In the old world of search, we relied on backlinks. In the world of LLMs, we rely on accuracy. If your brand is mentioned as a "cheap alternative" when your strategy is "premium quality," that is a sentiment failure that you need to fix immediately. A tool that boasts about the scale of its database (the 289M number) but fails to provide a clear, sentiment-aware audit trail is doing you a disservice.
Multi-Engine Coverage: Why It Matters
One engine is not enough. Your customers are using ChatGPT for brainstorming, Perplexity for research, and Google AI Overviews for quick answers. If your reporting doesn't cover these specifically, you are getting an incomplete picture.
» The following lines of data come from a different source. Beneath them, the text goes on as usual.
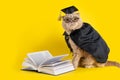 Funny scientist cat wearing glasses and sitting near an open book. Concept of school, study, distant education, online courses, Royalty Free Stock Photo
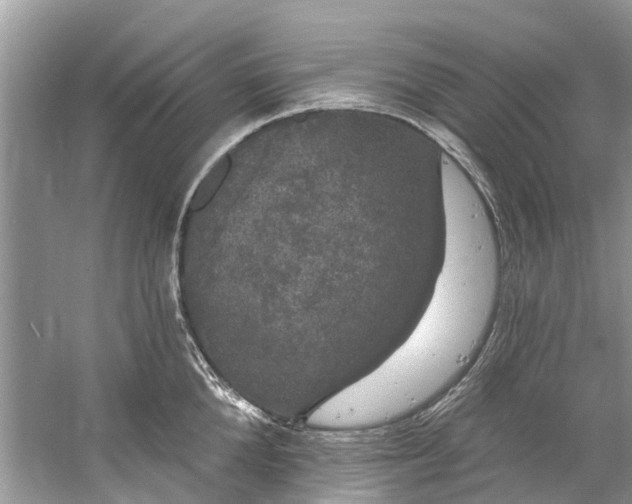 X0000060810904200512011756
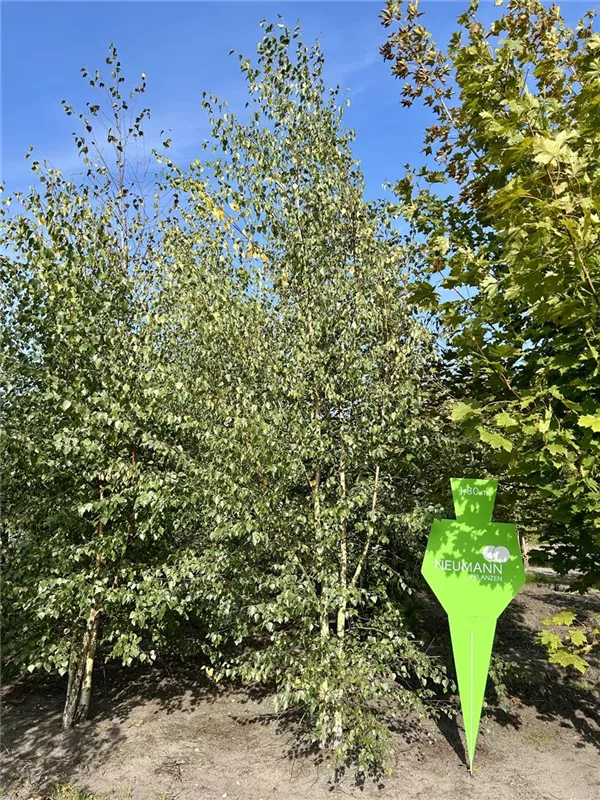 Betula jacquemontii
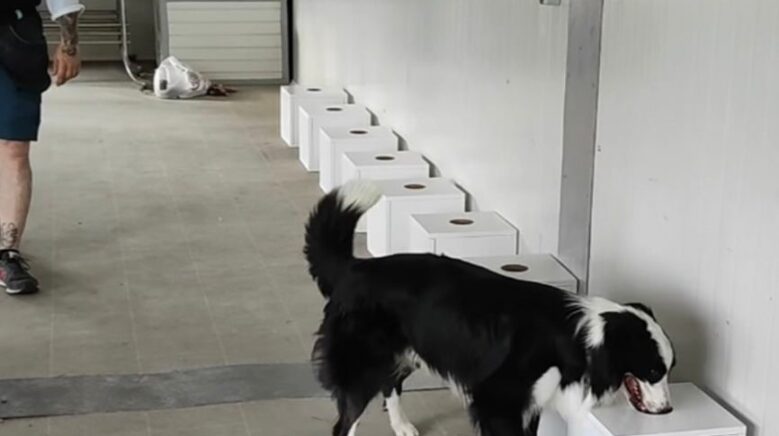 istilaci bocekler sinir kapilarinda tespit edilebilecek 5PWRfxxc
ChatGPT: Focuses on creative and conversational intent. Perplexity: Research-heavy; needs high-quality, data-backed citations. Google AI Overviews (AIO): High-traffic, intent-driven snapshots. Gemini/Copilot: Context-aware assistant experiences. Claude: Often used for deeper, long-form logic tasks.
If the "289M prompts" database doesn't allow you to slice by these specific engines, the size of the database is irrelevant. You need to be able to see: "On Perplexity, our share of voice is 12%, but our sentiment is neutral. On Google AIO, we are appearing in 40% of queries but not getting the click."
The Verdict: Monitoring vs. Fixing
I’ve spent 11 years in this industry. I’ve seen hundreds of tools promise "visibility." Visibility dailyemerald https://dailyemerald.com/189997/promotedposts/best-ai-answer-presence-monitoring-tools-in-2026-rankings/ is cheap; execution is expensive. If you are paying $117.33/mo or more for an SEO suite, make sure it isn’t just giving you a dashboard of vanity charts.
When assessing these tools—whether it's Semrush's expansive database or the specialized approaches of Otterly AI or AthenaHQ—ask yourself these three questions before you buy:
Does it integrate with my existing data? If it doesn't plug into my GA4/Adobe Analytics flow, it’s a silo. I have enough silos. Does it identify the "why"? If my visibility drops, does it tell me which specific prompt or query triggered the loss of a citation, or do I have to guess? Is it actionable? Does the platform suggest changes to my schema, content, or product descriptions, or just tell me to "check the data"?
The 289M prompts number is a powerful headline, but let’s stop worshipping the scale and start demanding the fix. If you can’t look at your prompt database on a Monday morning and immediately see which three pages need a content update to reclaim your Share of Voice, it’s time to rethink your stack.